Alla fine del Rinascimento, con la nascita e l’ascesa della scienza sperimentale (e non solo, ma per semplificare), l’essere umano perde la sua centralità e comincia ad essere interpretato come un fenomeno puramente naturale. L’uomo diventa una parte del tutto, non necessariamente la più importate. Un oggetto di studio accanto agli altri.

Nel XIX e XX secolo, con l’idealismo ed il positivismo, la parola umanesimo perde completamente il suo significato rinascimentale. Si parla ancora di Umanesimo, ma  il termine acquista nuovi significati. Le accezioni più importanti:  l’umanesimo marxista, quello cristiano e quello esistenzialista. Per Marx, l’uomo è un essere naturale reso umano dalla capacità di formare una società e cessa di essere umano quando la sua sociabilità naturale viene negata, come nella società capitalistica, dove il suo lavoro, che è un fatto sociale, gli viene sottratto ed è appropriato da una minoranza. Nell’umanesimo cristiano, l’umanità dell’uomo è data dai suoi limiti rispetto a Dio. L’uomo è umano perché è figlio di Dio. Nell’umanesimo esistenzialista, l’uomo non ha un’essenza determinata: l’uomo è un’esistenza lanciata nel mondo, e si costruisce attraverso la scelta.

La storia del XX secolo che affaccia al XXI cambia tutto. E fa crollare ognuno dei paradigmi precedenti sommariamente citati. La civiltà è sempre più caratterizzata da una sfrenata lotta al potere fine al potere stesso; l’uomo si contrappone all’uomo con ogni mezzo tecnologico possibile pur di conquistare un posto di primo piano nella catena di comando; l’aria che respiriamo è soffocata da una cappa sempre crescente di smog, le acque sono appestate da rifiuti e composti chimici, le differenze di distribuzione della ricchezza sono ormai insanabili e le ingiustizie sociali sono un dato di fatto quotidiano. Inoltre, il metodo di ricerca e conoscenza umano vede l’umanistica e la scienza ai due poli opposti e questo non aiuta a ragionare ad un cambiamento costruttivo.

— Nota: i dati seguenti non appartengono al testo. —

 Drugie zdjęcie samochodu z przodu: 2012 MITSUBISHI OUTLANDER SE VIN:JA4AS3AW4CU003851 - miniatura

In questo clima nasce da più parti la rivendicazione di un nuovo paradigma culturale. 

Un Nuovo Rinascimento e, quindi, un Nuovo Umanesimo che faccia considerare  l’uomo alla pari tra simili, e quindi tassello di condivisione del destino dell’intera umanità. Nuovo Umanesimo vuol dire non parlare più di singoli popoli, nazioni, Paesi, ma acquisire una  nuova autocoscienza, un approccio interdisciplinare alla conoscenza come strumento di ripristino dell’armonia tra uomo-uomo-natura. Un nuovo metodo educativo basato sul pensiero complesso che possa dare nuove possibilità ad un’umanità che sembra arrivata alla fine. Una rivoluzione attraverso un percorso antropologico per ricollocare l’uomo come membro di una comunità del destino. Riforme quindi radicali: nell’educazione, nell’istruzione, nell’ambiente, nella gestione dei rapporti internazionali, nell’economia. 

Tutto bellissimo. E necessario. Ma siamo davvero diventati pronti in una settimana?